--- Data for this exercise Enclosed Below ---

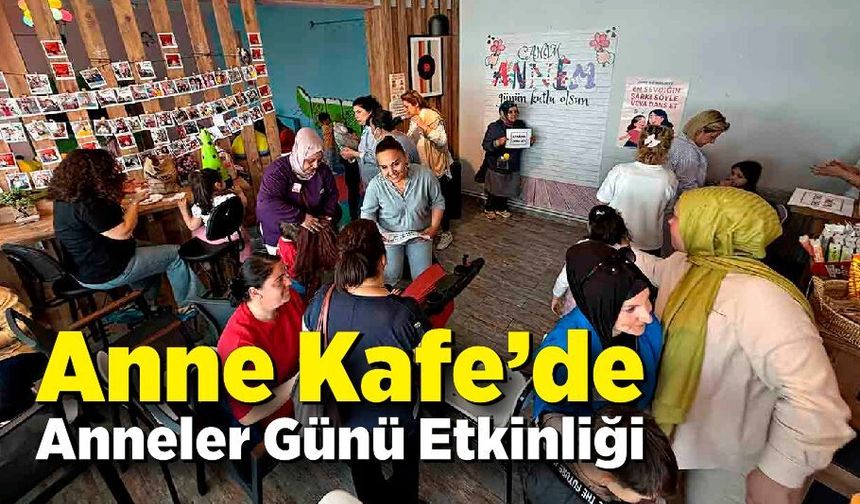Anne Kafe’de Anneler Günü Etkinliği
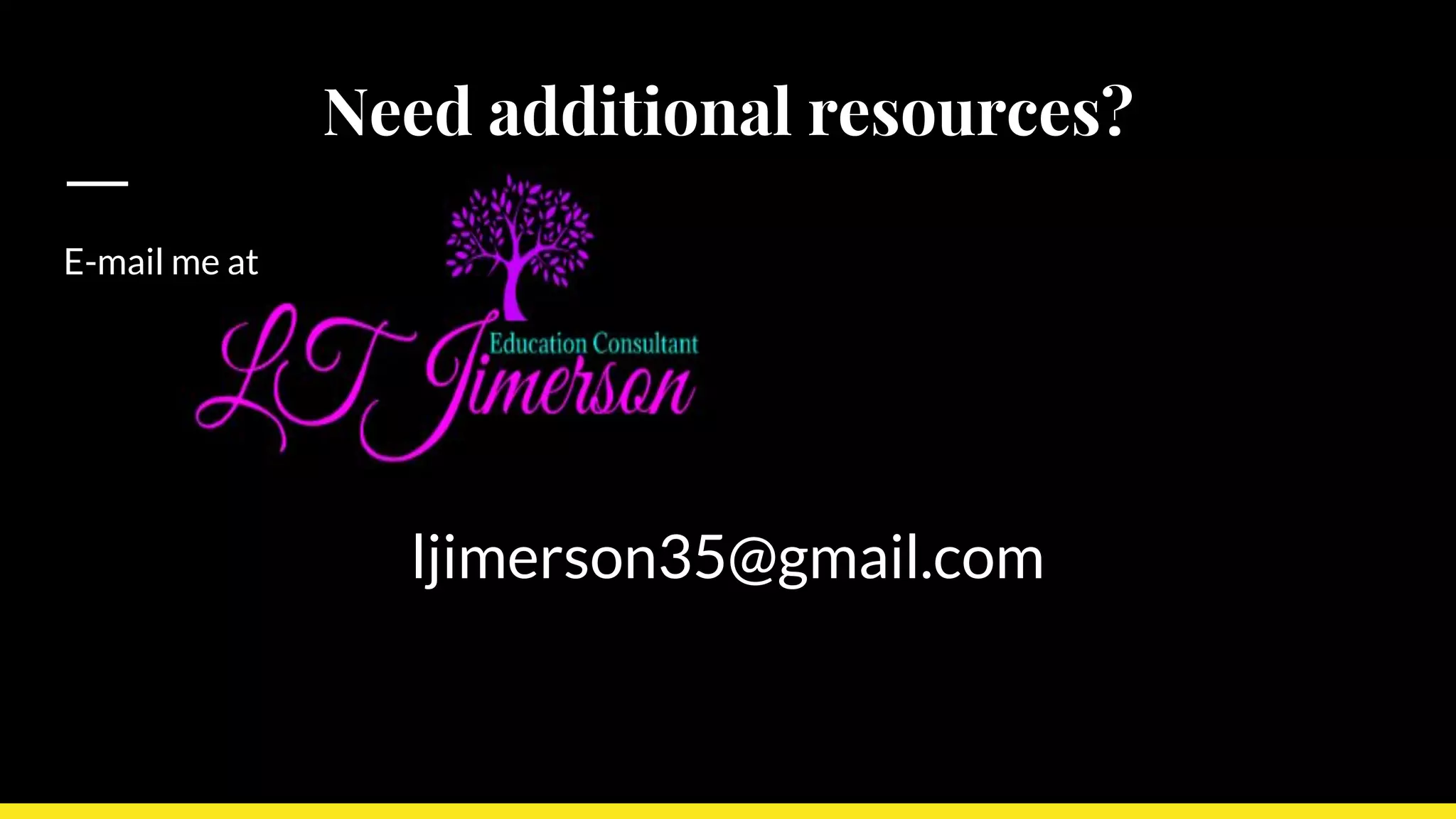 Need additional resources?
E-mail me at
ljimerson35@gmail.com
 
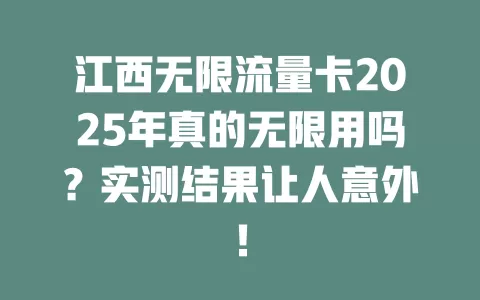 江西无限流量卡2025年真的无限用吗？实测结果让人意外！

--- End of Enclosed Data for this exercise ---

The range to copy runs from the line with "Need additional resources?" to the last line of the entries, both included; copy it exactly and leave out the pictures.

 Need additional resources?
E-mail me at
ljimerson35@gmail.com
 
 江西无限流量卡2025年真的无限用吗？实测结果让人意外！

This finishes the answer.